Tetapi dengan peringkat persetujuannya terseret di tengah kenaikan harga gas di dalam negeri sebelum ujian tengah semester, Biden kemungkinan akan menghadapi tekanan untuk meredam kritiknya terhadap catatan hak asasi manusia Arab Saudi untuk membujuk kerajaan agar memompa lebih banyak minyak.
Tapi itu mungkin tidak begitu mudah.

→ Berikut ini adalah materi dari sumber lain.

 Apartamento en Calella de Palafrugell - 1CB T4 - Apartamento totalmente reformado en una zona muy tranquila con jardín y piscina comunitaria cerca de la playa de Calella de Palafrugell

Saudi sudah memproduksi hampir kapasitas penuh 11 juta barel per hari, belum lagi harga minyak yang tinggi adalah bisnis yang baik untuk Riyadh, pemimpin de facto OPEC+.
5. I2U2
Kemitraan multilateral lainnya mulai berakar ketika Biden melakukan kunjungan regionalnya.
Saat berada di Israel, Biden akan menyelenggarakan pertemuan puncak kepemimpinan I2U2 pertama – julukan yang terdiri dari Israel, India, AS, dan UEA.
Konflik Rusia-Ukraina, kesepakatan nuklir Iran, kenaikan inflasi dan harga pangan akan dibahas antara kepala negara pada 14 Juli.
Pengelompokan ini akan fokus pada kerjasama ekonomi dan proyek infrastruktur. Navdeep Suri, mantan duta besar India untuk UEA, mengatakan inisiatif ini dimaksudkan untuk menyatukan teknologi Israel, modal UEA, dan keterampilan India.
Sementara itu, Teheran akan menganggap kelompok itu memusuhi kepentingannya, sesuatu yang ingin diseimbangkan oleh New Delhi dengan hati-hati.
Talmeez Ahmed, mantan duta besar India untuk Arab Saudi, skeptis terhadap pengelompokan tersebut dan mencatat bahwa Israel telah “mengatakan bahwa mereka menentang Iran. Tidak mungkin India akan bergabung dengan aliansi melawan Iran.”